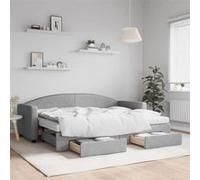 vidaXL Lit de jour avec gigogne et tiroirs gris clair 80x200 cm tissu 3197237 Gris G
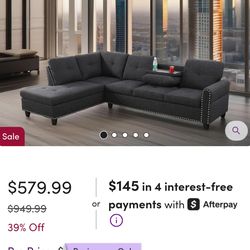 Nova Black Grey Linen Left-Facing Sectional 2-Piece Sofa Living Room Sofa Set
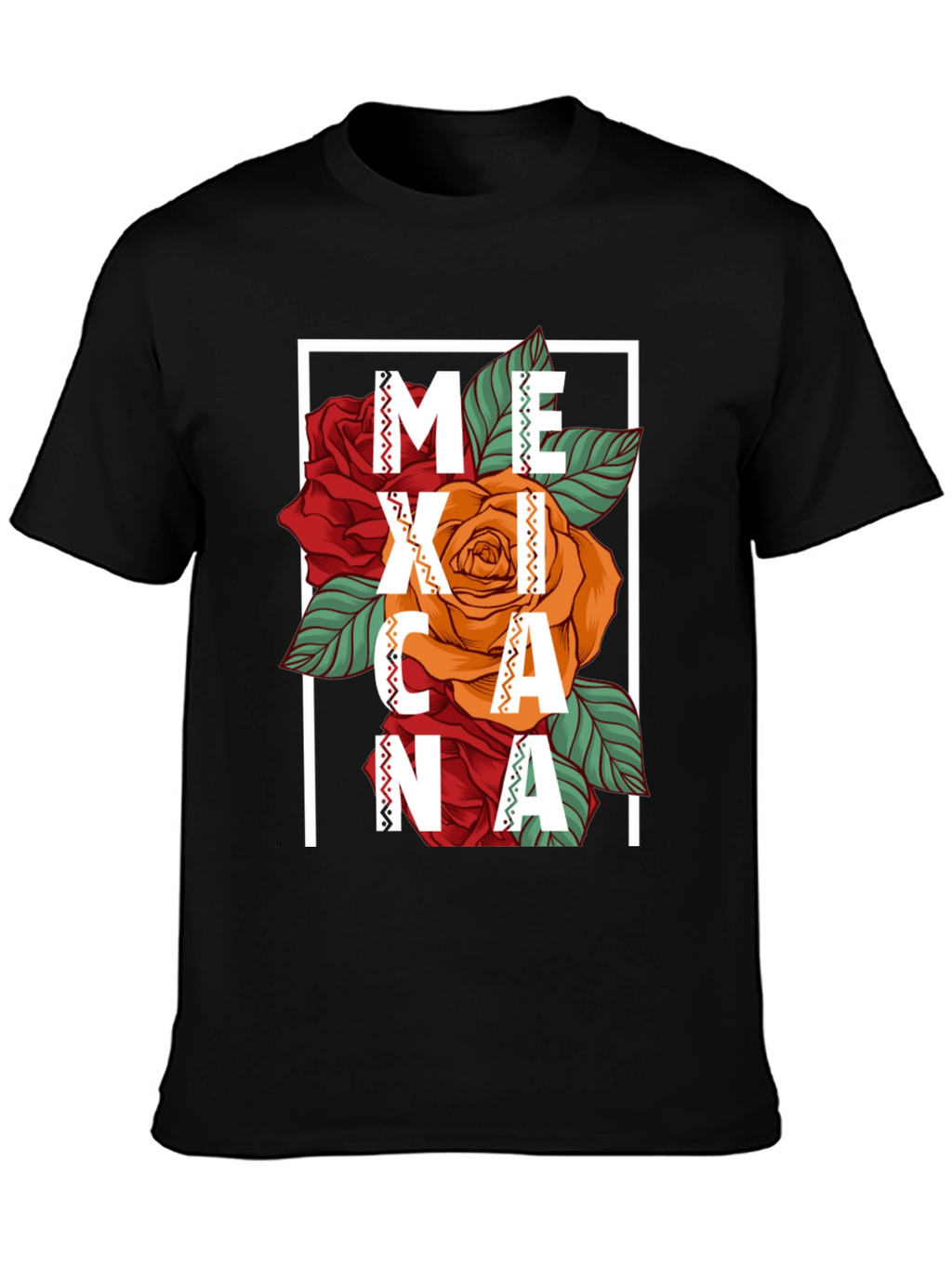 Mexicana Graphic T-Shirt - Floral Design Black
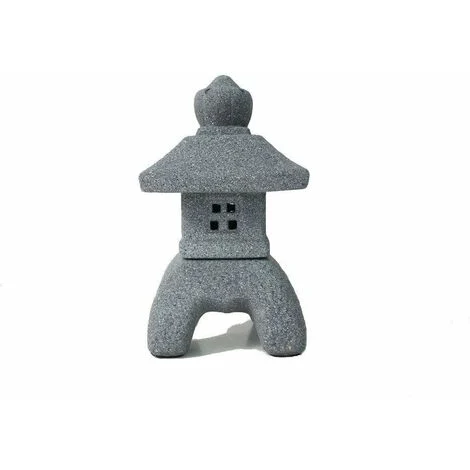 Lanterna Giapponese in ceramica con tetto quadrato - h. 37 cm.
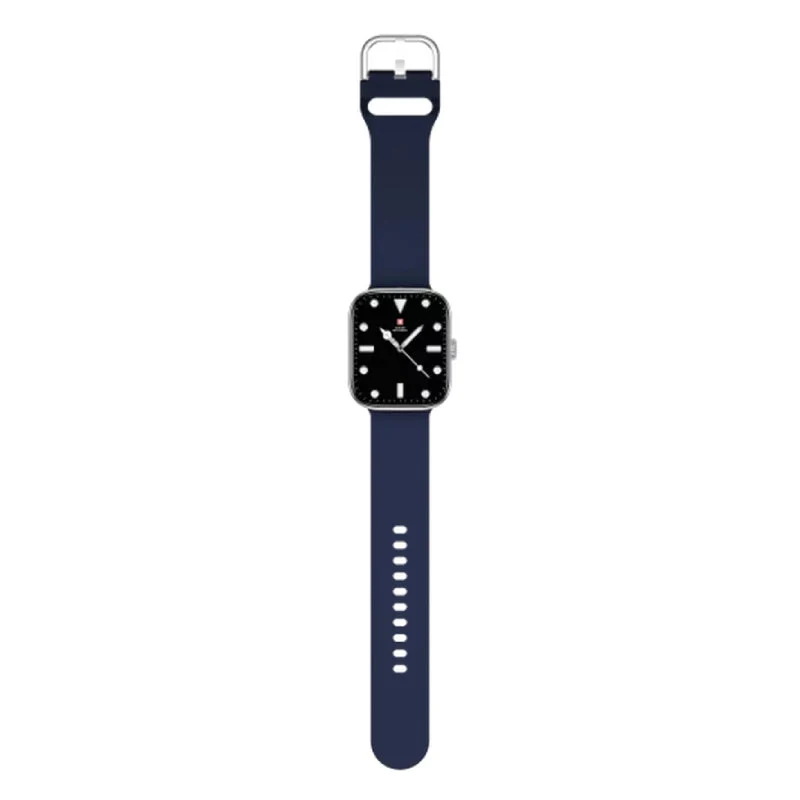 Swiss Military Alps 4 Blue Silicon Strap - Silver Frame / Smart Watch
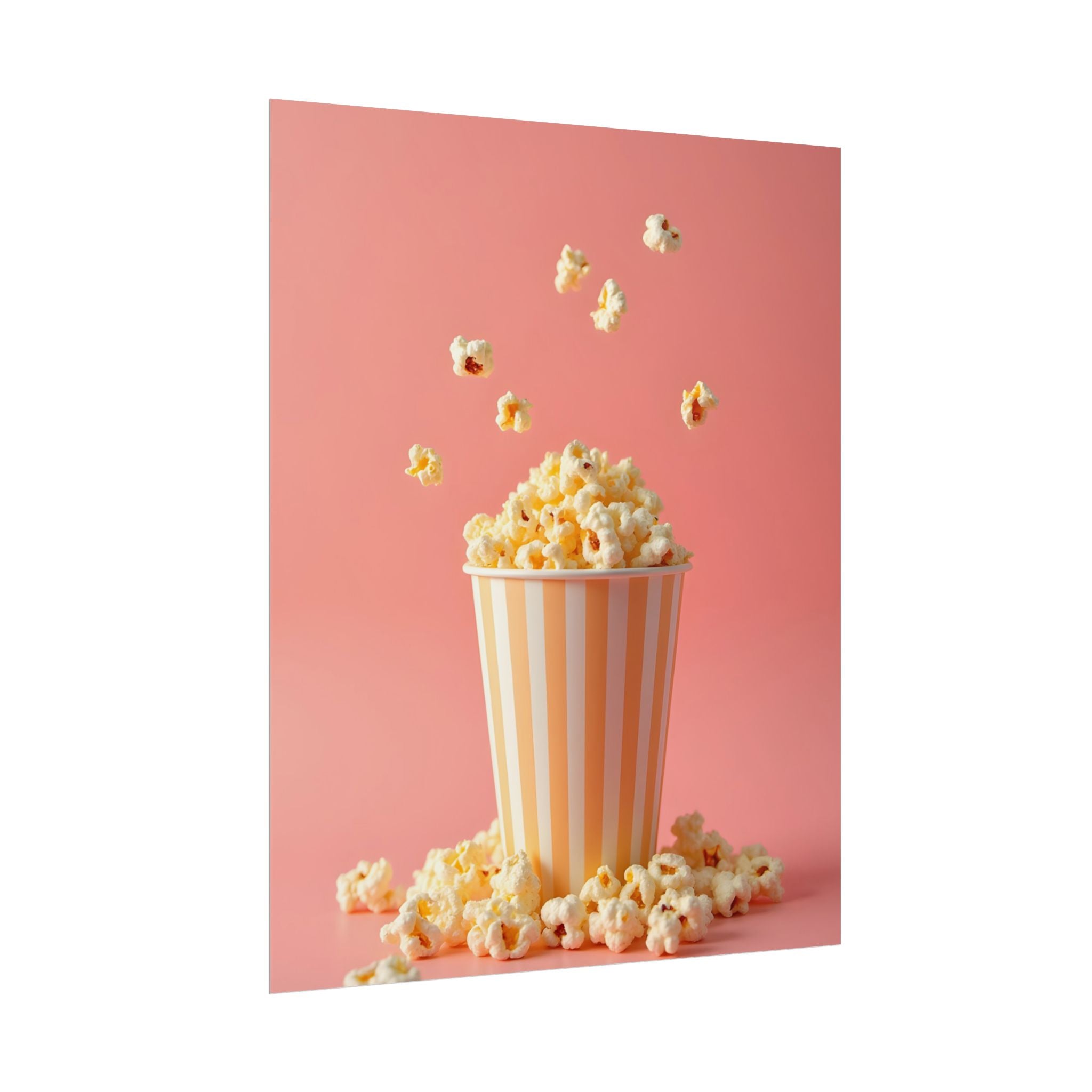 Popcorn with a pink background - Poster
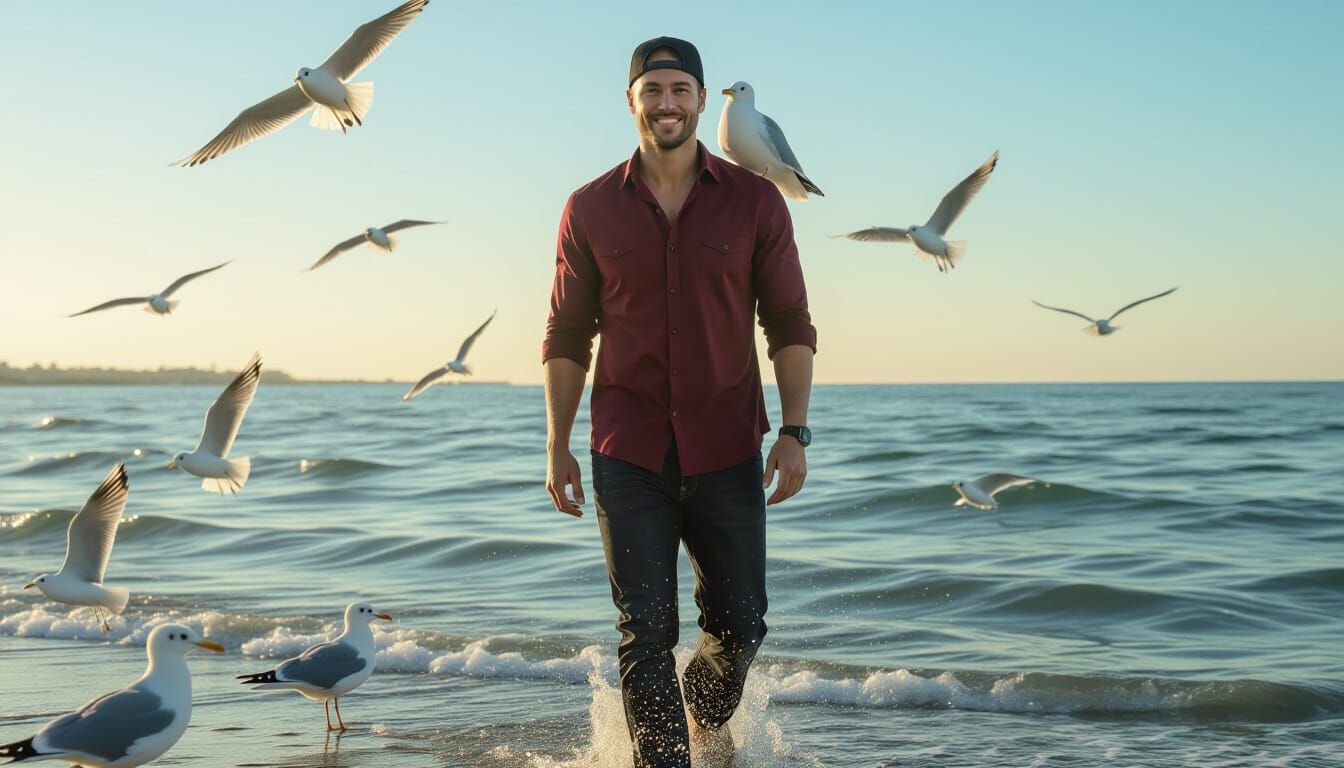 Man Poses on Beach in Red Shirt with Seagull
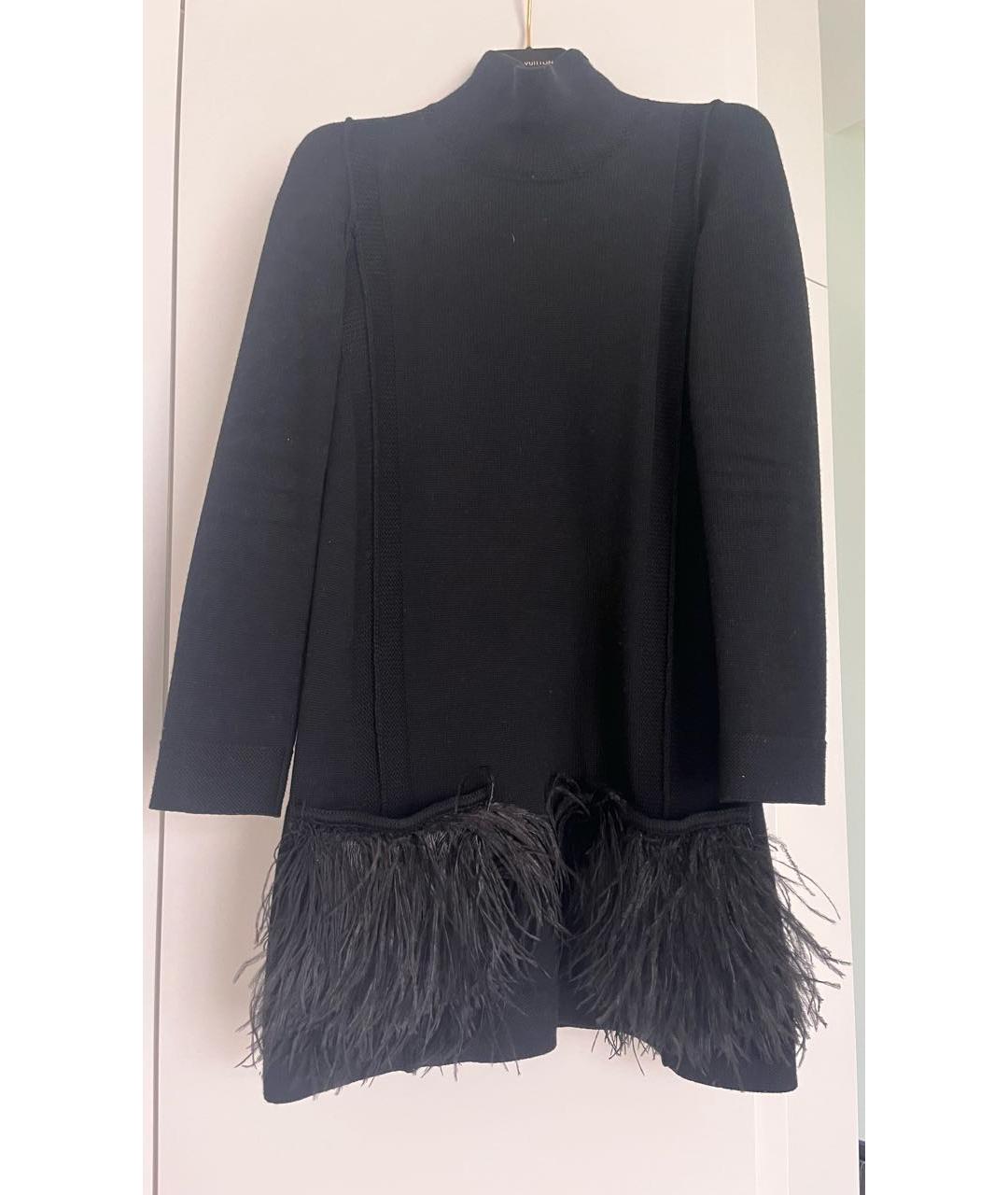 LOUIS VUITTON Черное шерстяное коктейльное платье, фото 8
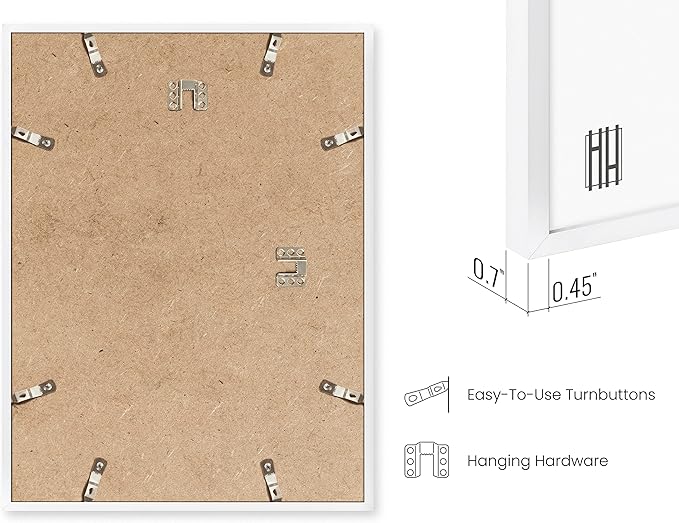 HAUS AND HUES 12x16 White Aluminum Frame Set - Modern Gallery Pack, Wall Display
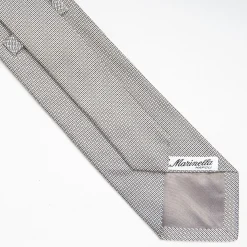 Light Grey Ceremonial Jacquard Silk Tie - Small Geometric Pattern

---+---

Your goal =>
The lines needed run from the first line of the records through the line containing "HAUS AND HUES", both included. Restate them word for word, without pictures.

Written answer =>
 vidaXL Lit de jour avec gigogne et tiroirs gris clair 80x200 cm tissu 3197237 Gris G
 Nova Black Grey Linen Left-Facing Sectional 2-Piece Sofa Living Room Sofa Set
 Mexicana Graphic T-Shirt - Floral Design Black
 Lanterna Giapponese in ceramica con tetto quadrato - h. 37 cm.
 Swiss Military Alps 4 Blue Silicon Strap - Silver Frame / Smart Watch
 Popcorn with a pink background - Poster
 Man Poses on Beach in Red Shirt with Seagull
 LOUIS VUITTON Черное шерстяное коктейльное платье, фото 8
 HAUS AND HUES 12x16 White Aluminum Frame Set - Modern Gallery Pack, Wall Display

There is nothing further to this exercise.